May 01, 2008 20:35
so i feel like absolutely everything in my life is flipped upside down, backwards right now. I'm going in circles and im about to throw up because im so dizzy.
My big problem is boys. When are they not a problem?
So there's three.. We'll call them J, C, and A. And each one is complicated. We'll start with C because he's the oldest.
We met last summer. Hung out a lot, never "dated" but we might as well have been. Neither of us were seeing anyone else. So January comes around, and i texted him to see if he wanted to do something one night. and I got a text back that basically said "i cant. i met someone else. im sorry." and i cried.. first guy i've EVER cried over. That was a tuesday. I decided right then and there fuck it, if it didnt really mean much to him at all, then i wasn't going to be upset about it.
Thursday, I met J online, and we met Saturday. And we hit it off right away. Completely comfortable together, never awkward... He was the first guy I ever brought home to meet my family. (I think he even said 'i love you' one night, but i dont know for sure. I don't know if i was awake or dreamed it.. but im leaning towards i was awake.) So everything was going well, then I randomly went home to CT for a weekend. And I came home and J had disappeared.. I messaged him once, called him twice.. nothing. So again, i figured fuck it.
After that happened, i started talking to C again. And he basically said that he really liked me, but didnt want something serious, just fwb.. but if he was looking for something serious, then he wouldnt hesitate to take it further with me. And like a sucker I am, i fell for it. So i start sleeping with him again.
Then I meet A. Again... i hit it off with him. He made me laugh a lot, we had a really good time. So we started hanging out.. maybe once a week. He kept askin me to sleep over, but with my work schedule I really couldnt. So he calls me up one day and asks if i wanna come over for dinner, watch a movie. So i go over and it was all good. I leave and he said he'd call me the next day and we'd do something friday night. Well he texts me in the morning with "im sorry, i dont think we should see each other again. im not ready for something serious, and its not fair to you." (are you seriously kidding me??) So i texted him back with basically a "ok, whatever." and that was that. we didn't talk again.

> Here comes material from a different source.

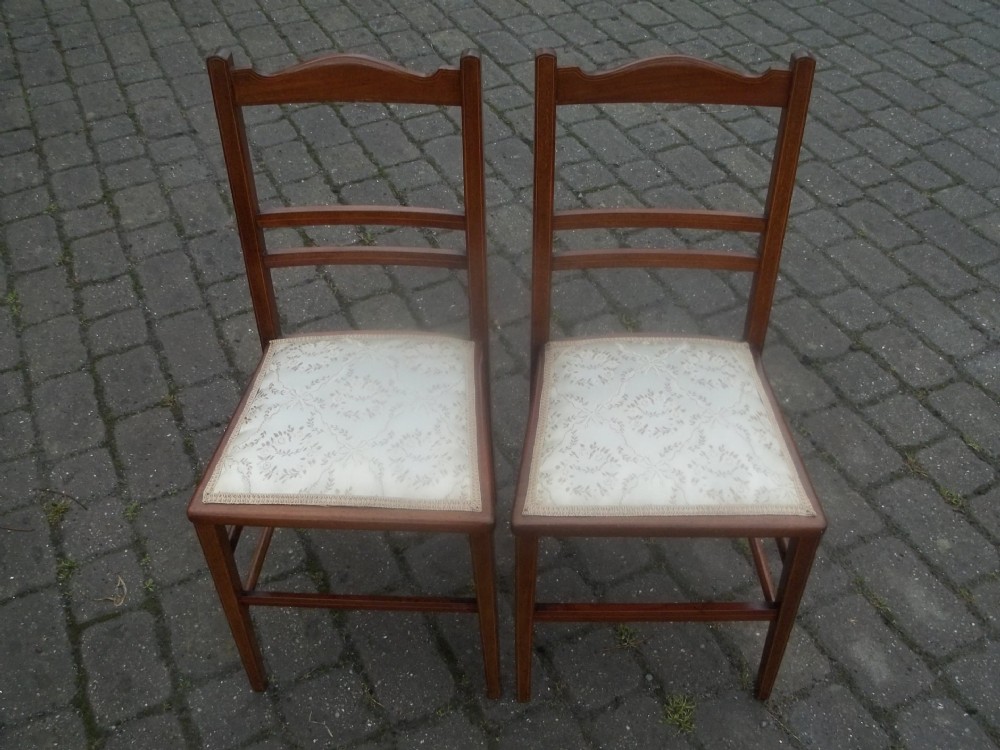 A pair of antique mahogany inlaid Edwardian side occasional bedroom upholstered hall chairs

So in the meantime, i was still talking to C. I think we hooked up once or twice while that was going on with A. I am so insanely emotionally involved with C that it SUCKS. So for the last few weeks i've been hanging around with C once in a while. (hooking up with C once in a while.)
Then it gets better.
I see J online last weekend, and i was a lil drunk, a lil hurt, a lil pissed, a lil curious. So i IMed him. Basically said that i dont care at this point why he stopped talking to me so suddenly, but it was a really shitty thing to do. He didnt answer, i left. He IMed me later with "hey. sorry." So again i figured fuck it =)
We'll he's online again Monday night and i don't know why, but i IMed him again. So we start talking. And he explains what happened before. And how much he misses me, and how i'm the "best part of VA." and a bunch of other stuff. And I, of course, fall for it. I agree to see him Wednesday night. Well C texts me wanting to hook up, but i told him i was busy. Then i get a call from J.. he got called into work and can't hang out. Okay.. so we'll do something later on. I go shopping, on my way home i get a text from A.
Why the hell is A texting me? He asks if he's a jerk for texting me. So i answer him with "no, why would you be?" and he said something like "just realized i was a dick. and there was no reason for it. and now im sorry." then he said something about being insecure and thinking he doesnt deserve to be happy. And that he wants to see me again, and am i free weds or thurs night?
What do i do?????????
This is how i think of these guys.
C- Player. Just wants to hook up. But knows the right things to say and do. He's flat out said he doesnt want anything serious, but then he gets all sweet and acts like he does. I feel like i need to confront him with "I want something serious, and i can't do that if I keep seeing you." And im kind of hoping he'll say he's ready for something serious.. but at the same time i fear he'll do "okay, see ya." and i'd be really upset.
J- I really like. And I could see myself really getting serious with him. I dont see anything serious lasting with C.. But i do with J. But im just so confused by him and his disappearance before, and would he do it again? Does he want something serious now?
A- Partier. I had fun with him because we partied. I wasnt really upset when he said what he did about not seeing each other anymore. I was considering doing the same thing, only he beat me to the punch. And now, I'm tempted to see him again just because im bored. But he really seems the type to fall in love quick and become obsessed. And thats the last thing i need.
I guess i just need to be told what to do. I know what i really really should do (drop all 3 of them), i know what i want to do (be with jason) and i know that I can't just bring myself to do that. And it's absolutely eating me up.